Il rapporto tra la disciplina del Patrocinio a spese dello Stato e l’istituto della distrazione delle spese processuali è stato acclarato dalle Sezioni Unite della Corte di Cassazione con sentenza 26 marzo 2021 n. 8561.
In quella sede infatti, è stata pacificamente dichiarata la compatibilità fra i due istituti ed è stato escluso che l’istanza di distrazione delle spese avanzata dal legale ex art.93 cpc possa costituire rinuncia implicita al beneficio del patrocinio a spese dello Stato, con la conseguenza della revoca del beneficio sin dall’ammissione.
È stata posta l’attenzione sulla circostanza per la quale il beneficiario dell’ammissione al Patrocinio è esclusivamente il cliente non abbiente e non il difensore; il difensore, infatti, è privo del potere di disporre di un diritto proprio della parte assistita.

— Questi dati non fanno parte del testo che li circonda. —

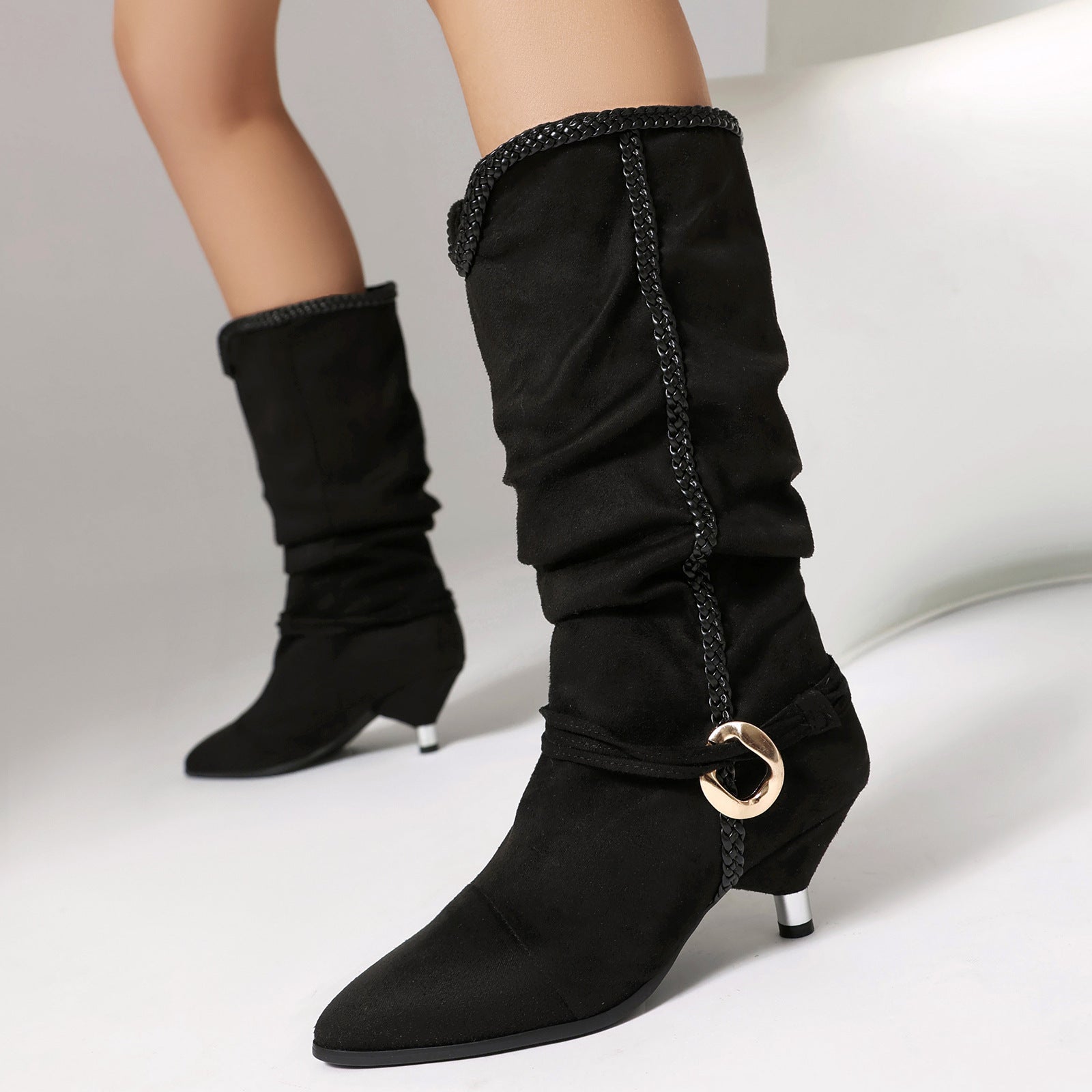 Chic Orthopedic Boots with Unique Design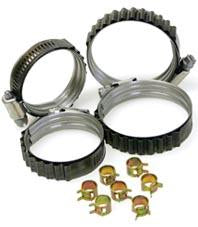 Turbosmart 32mm Hose Blanking Plug for blow off valve accessories, shown in a group image, made of black plastic with a smooth finish.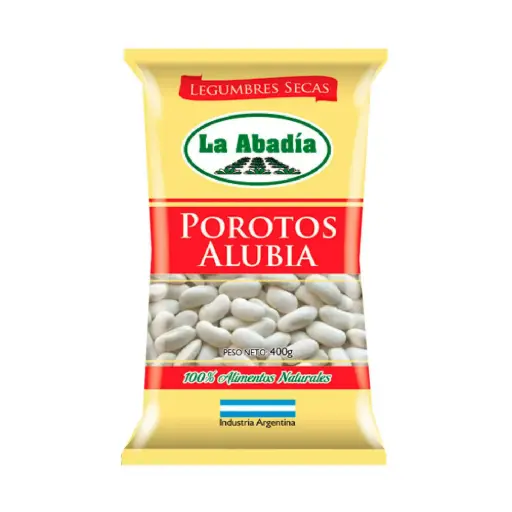Porotos alubia La Abadía bolsa 400 g.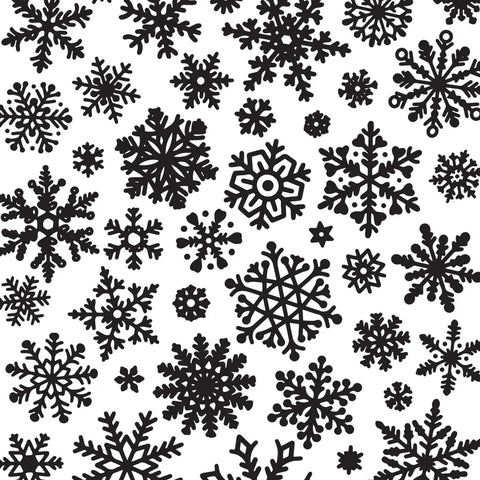 Clayshare - Snow Flakes - Underglaze Transfer - Amaranth Stoneware Canada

Ciò detto, la rinuncia all’ammissione può provenire solo dal beneficiario, mentre l’istanza di distrazione costituisce un diritto proprio ed esclusivo dell’avvocato, che può trovare accoglimento fintanto che la controparte venga condannata al pagamento delle spese.

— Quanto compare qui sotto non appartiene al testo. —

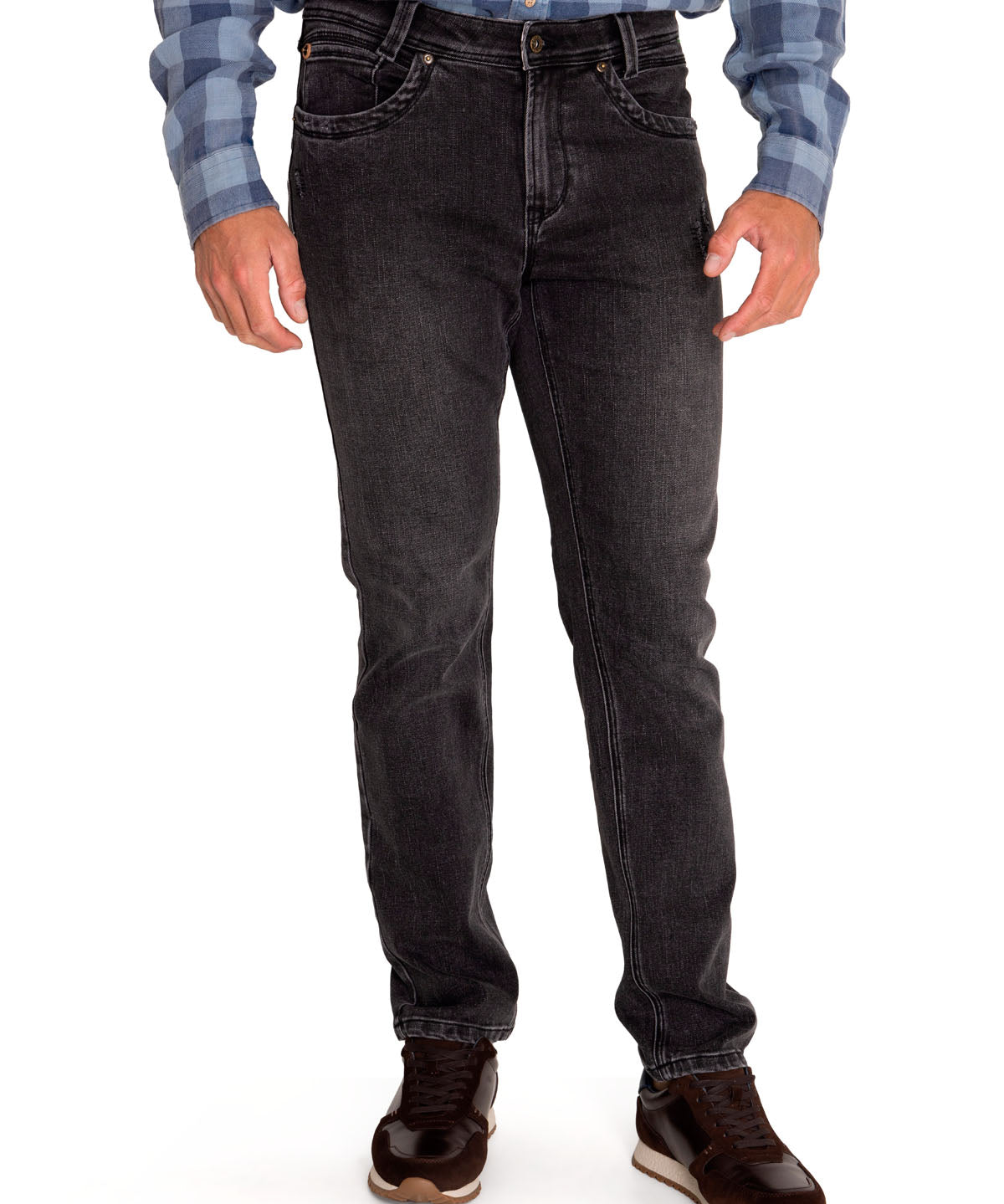 Jeans Algodón Orgánico Hombre Jack Gris Oscuro Rockford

Da un punto di vista deontologico è bene evidenziare tuttavia, che l’avvocato deve sempre agire in conformità al mandato ricevuto e che pertanto, sapendo che il proprio cliente ha ottenuto l’ammissione al patrocinio, non può sottacere la circostanza, altrimenti incorrendo in violazioni deontologiche.
Si ritiene pertanto che l’avvocato possa presentare istanza di distrazione solo laddove consti espressa rinunzia da parte del cliente al beneficio del patrocinio a spese dello Stato: così da ultimo si è espresso il CNF nel luglio 2023.